## Try it
Set down the line containing "别克电车velite6体验,科技感满满别克velite6看车记" and each line after it through the last line of the records, exactly, leaving pictures out.

----- Data shown

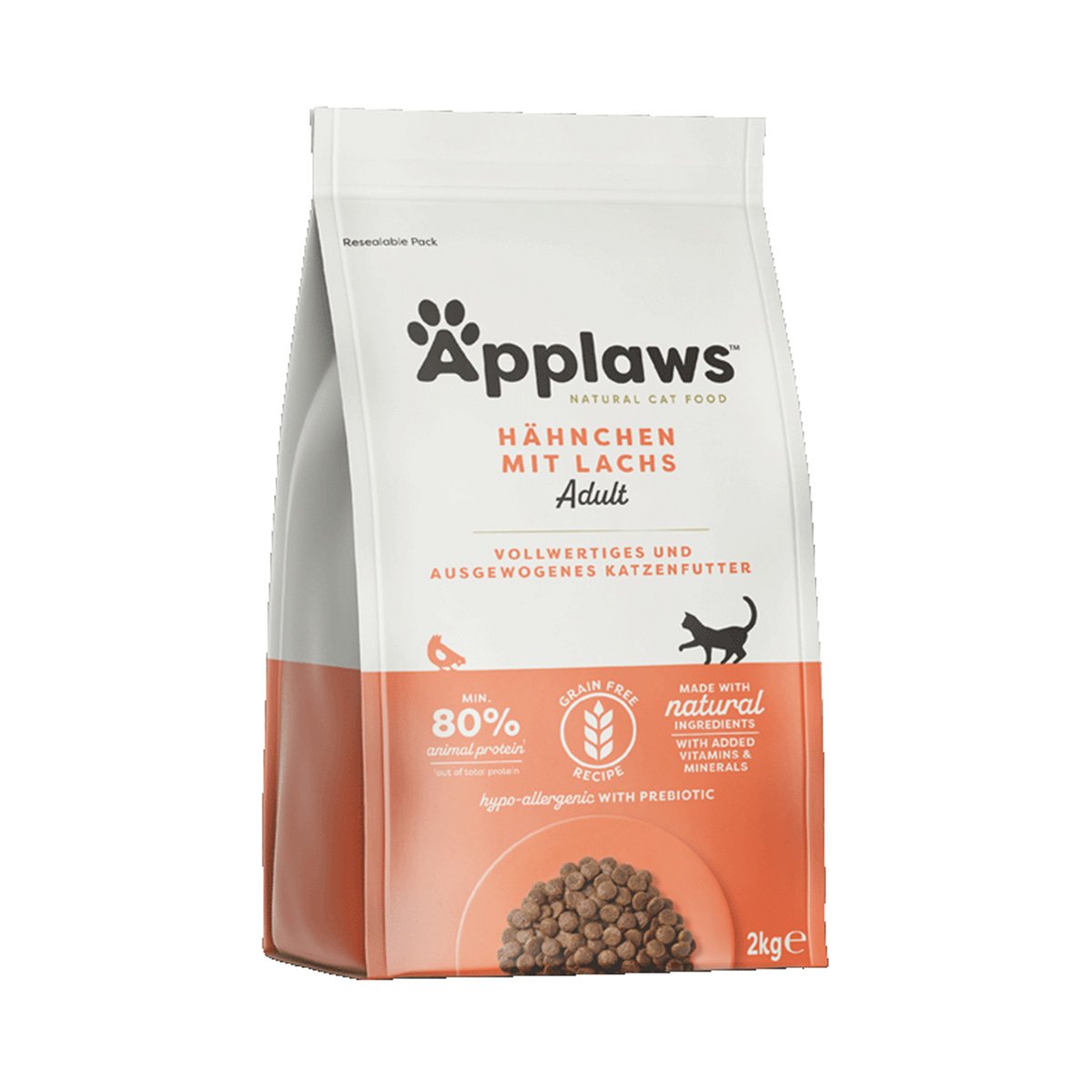 Applaws Cat Hühnchen & Lachs 2kg von Applaws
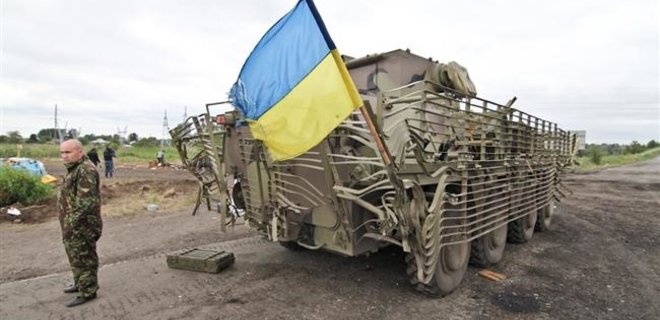 За сутки в зоне АТО погибли 5 украинских силовиков - СНБО - Фото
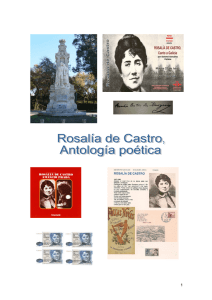 Rosalía de Castro, Antología poética
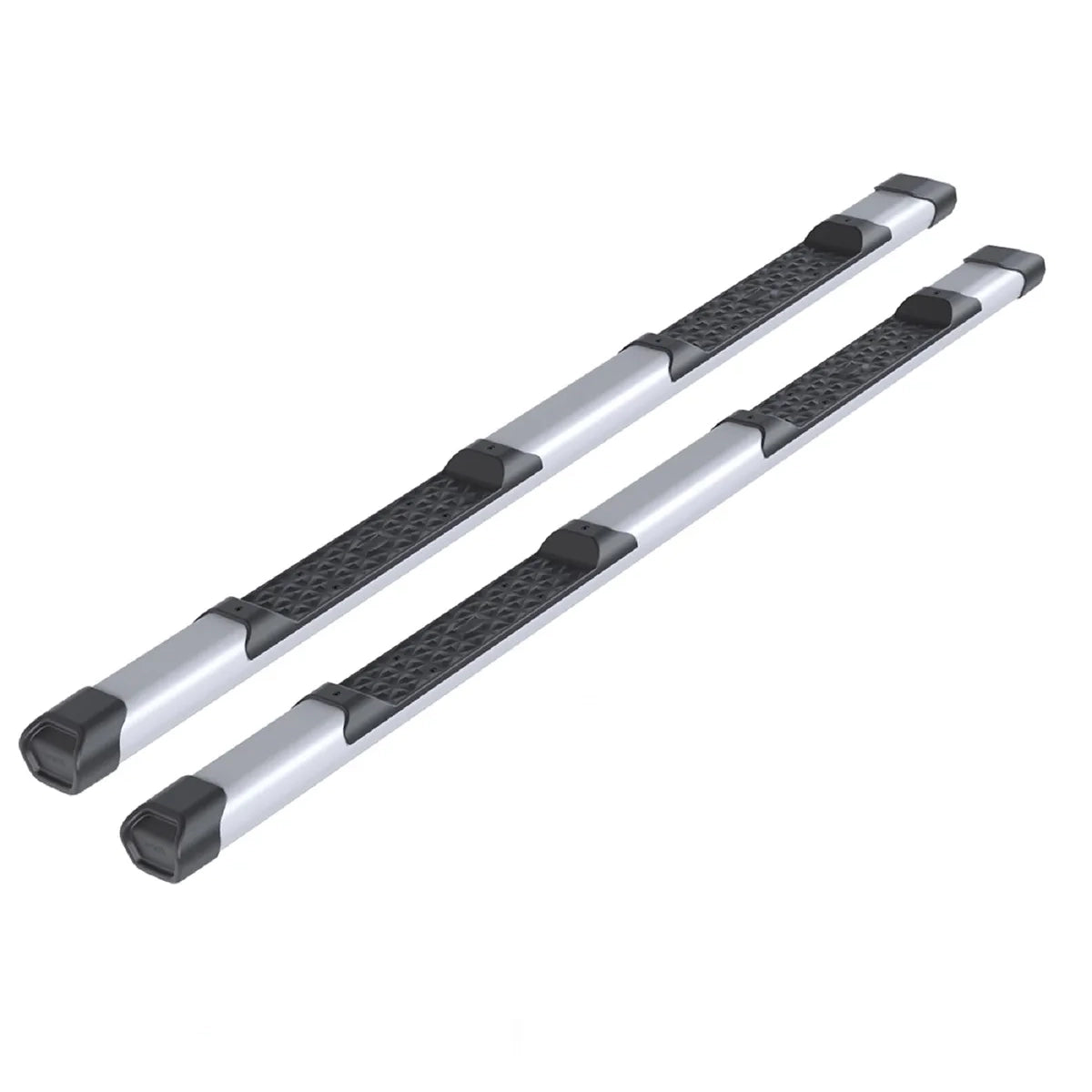 Pisaderas Aluminio "G4" Bepo Volkswagen Amarok Trendline/Comforline/Highline/V6 - Aluminio 2010-2026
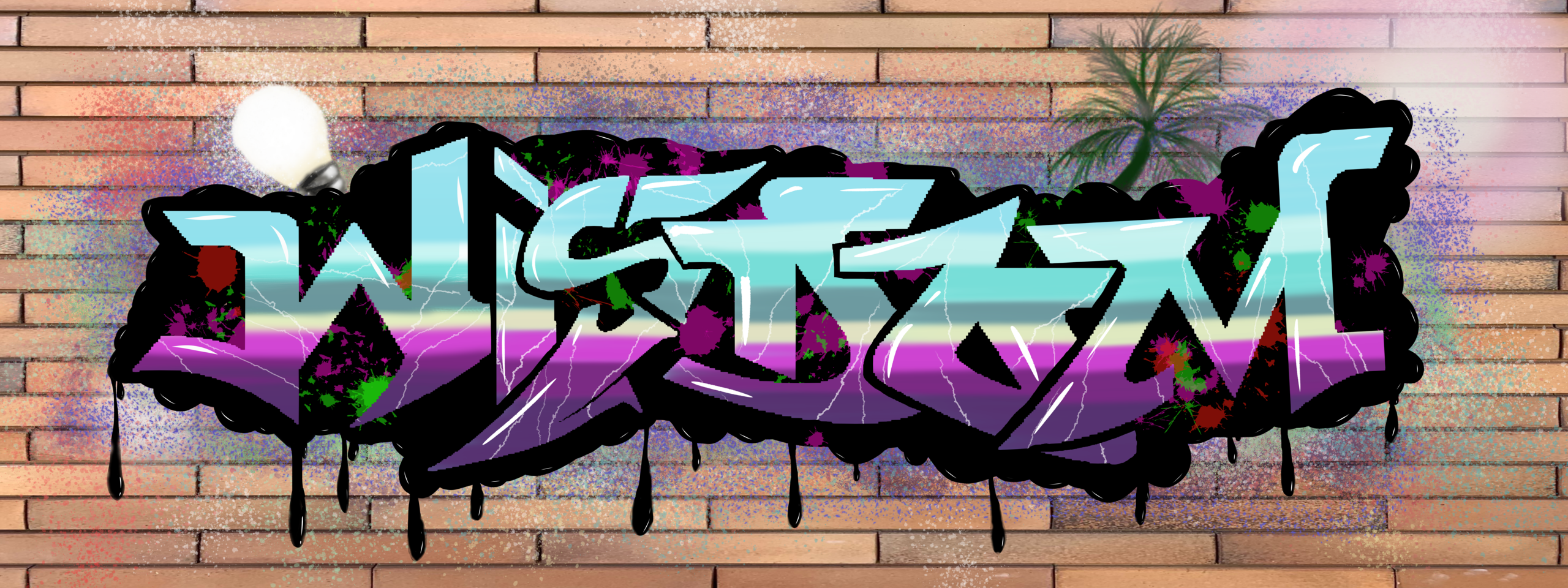 Detail Candy Graffiti Art Nomer 26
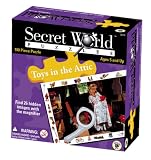 Secret Puzzles 100 Pcs  Toys in the Attic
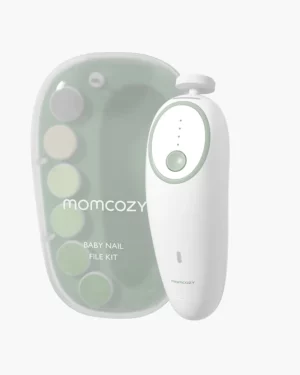 Lima Eléctrica para Uñas de Bebé Momcozy Lime Green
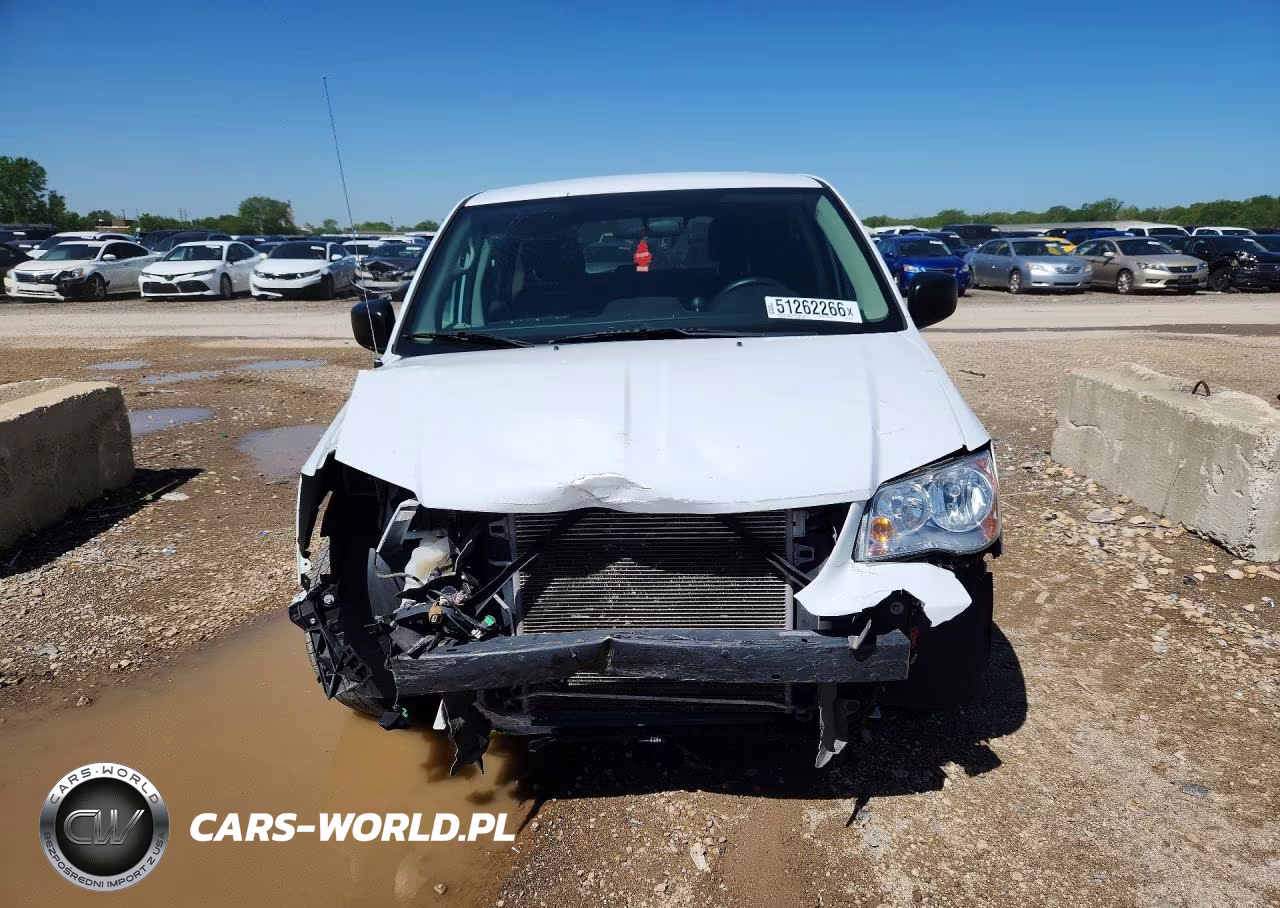 2015 Dodge Caravan Se VIN:2C4RDGBG1FR661016 - 5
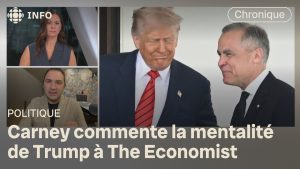 Trump et Carney : des avancées en perspective ? L'analyse de Soudas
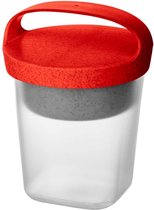 Koziol - Buddy Snack Container 500 ml with Lid Organic
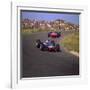 Jackie Stewart in a BRM, at the Dutch Grand Prix, Zandvoort, Holland, 1966-null-Framed Photographic Print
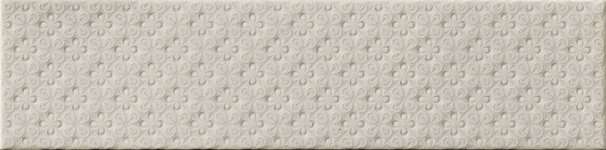 Керамическая плитка Grazia Impressions Bloom Fog BLO500, цвет серый, поверхность глянцевая, прямоугольник, 140x560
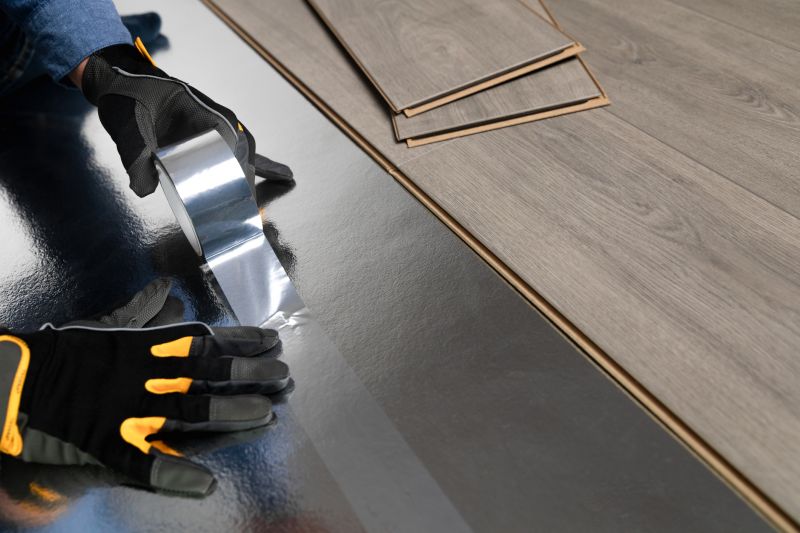Laminate Floor Installation in Lunenburg, MA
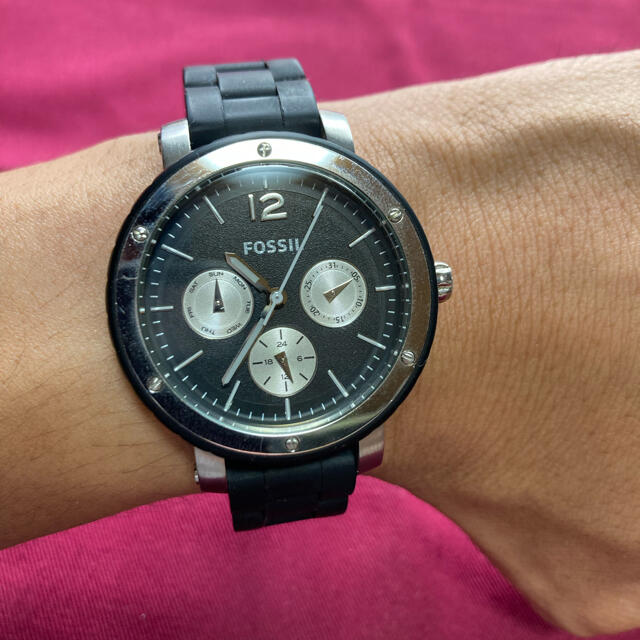 FOSSIL(フォッシル)の【ken_chang様専用】fossil クロノグラフ腕時計 メンズの時計(腕時計(アナログ))の商品写真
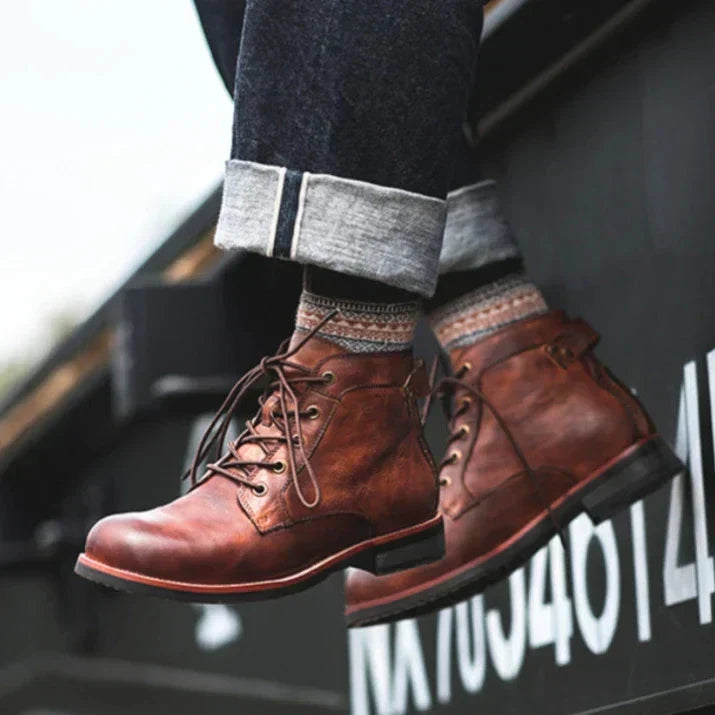 Kelvin | Men's Boots with High Shaft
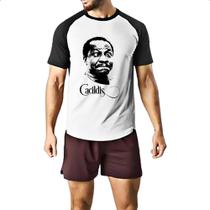 Camiseta Raglan Mussum cacildis Camiseta Raglan Mussum cacildis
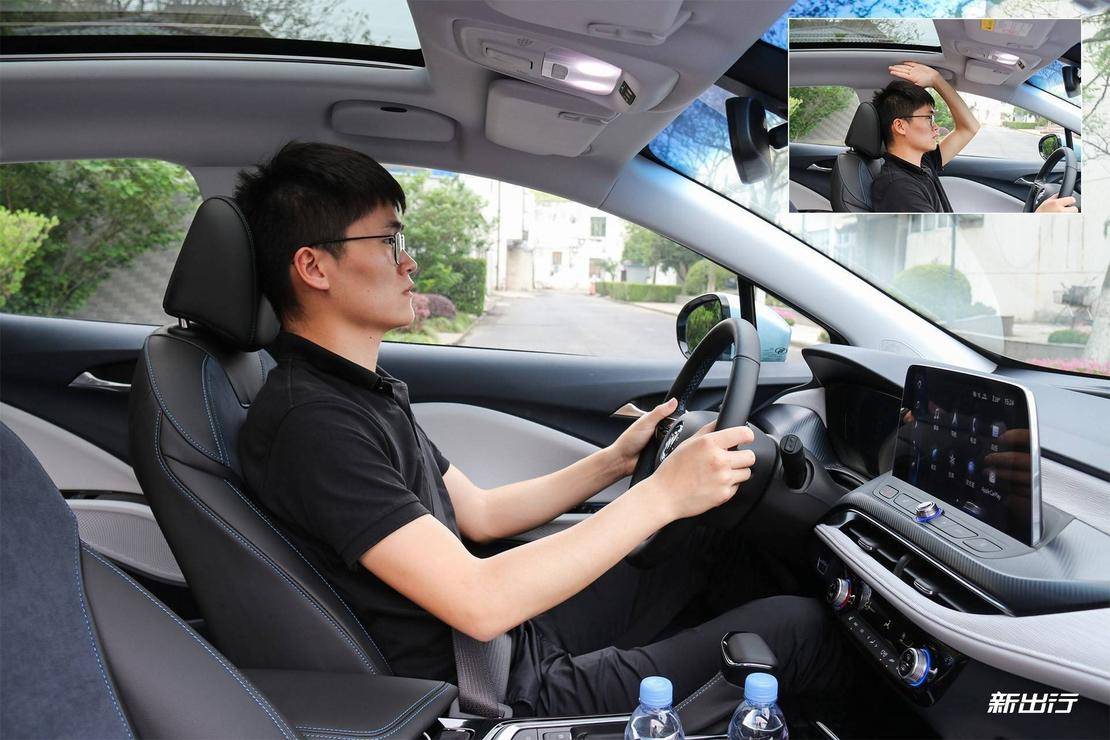 别克电车velite6体验,科技感满满别克velite6看车记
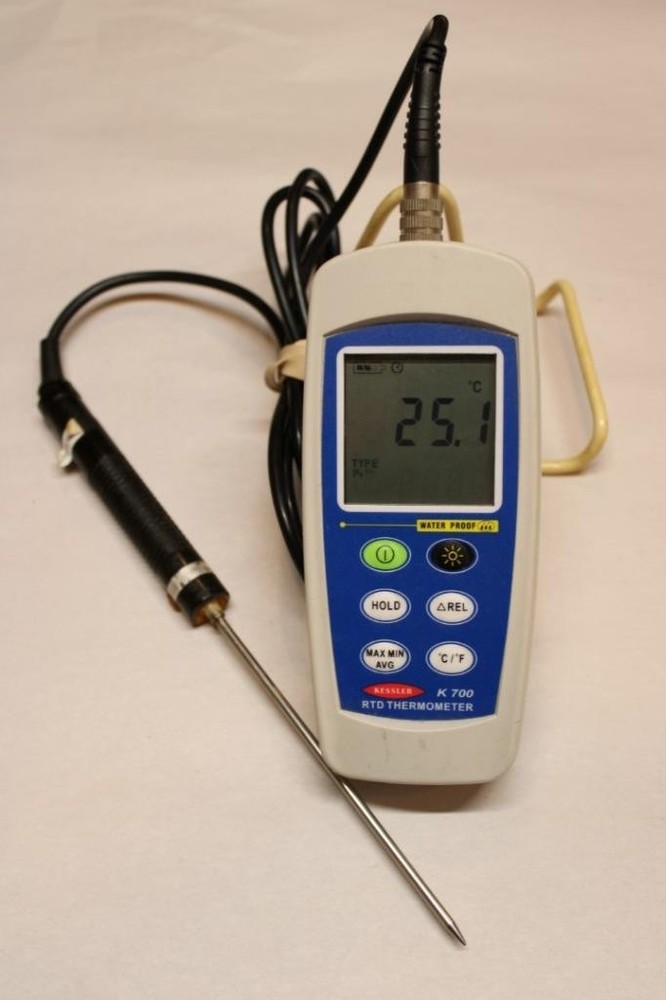Kessler K700 RTD Digital Thermometer with Probe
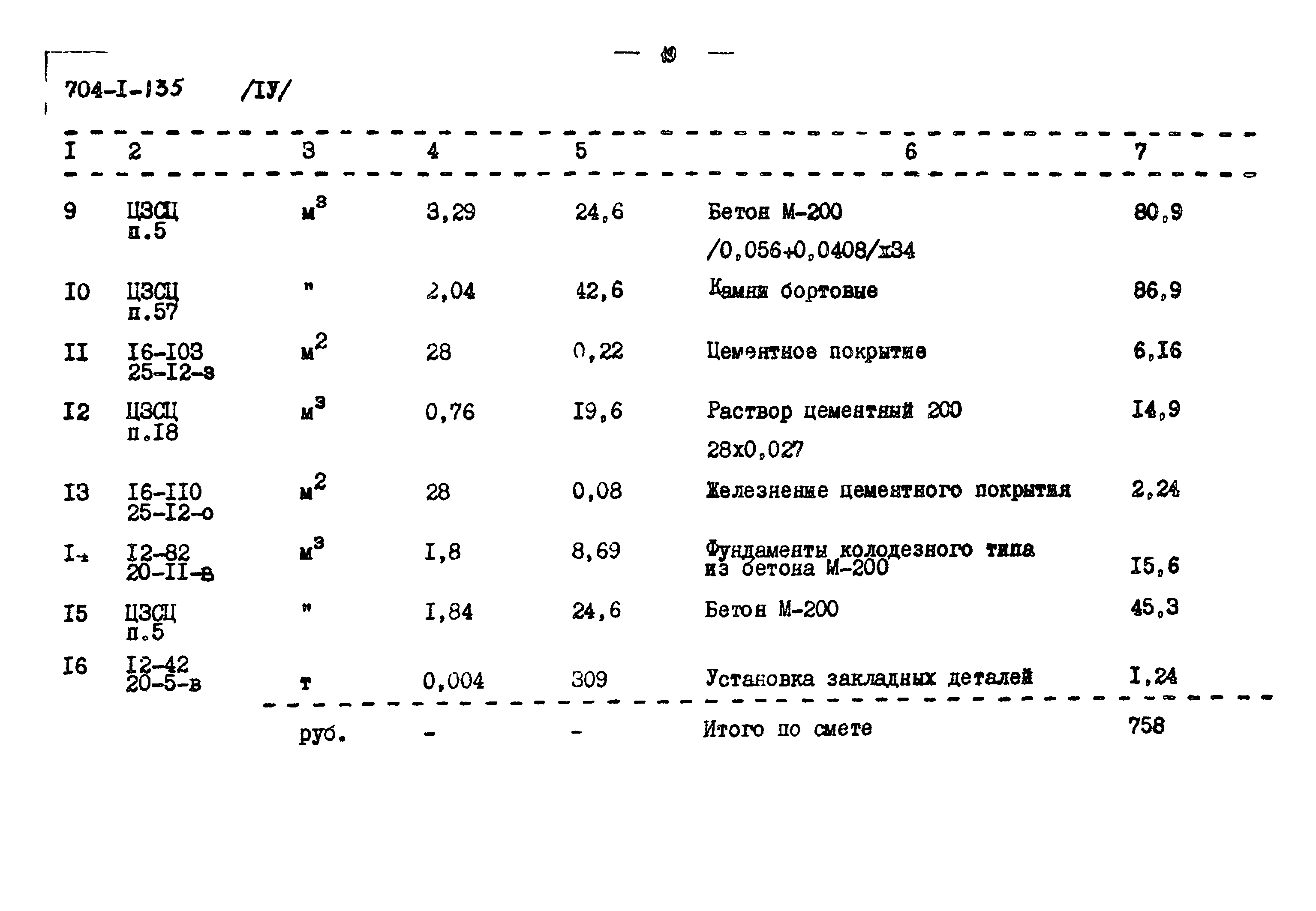 Типовой проект 704-1-135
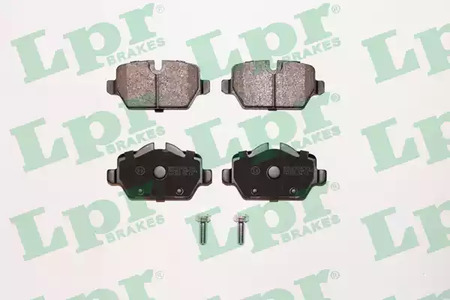 Тормозные колодки LPR 05P1249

----------

## Response area
 别克电车velite6体验,科技感满满别克velite6看车记
Kessler K700 RTD Digital Thermometer with Probe
 Типовой проект 704-1-135
 Тормозные колодки LPR 05P1249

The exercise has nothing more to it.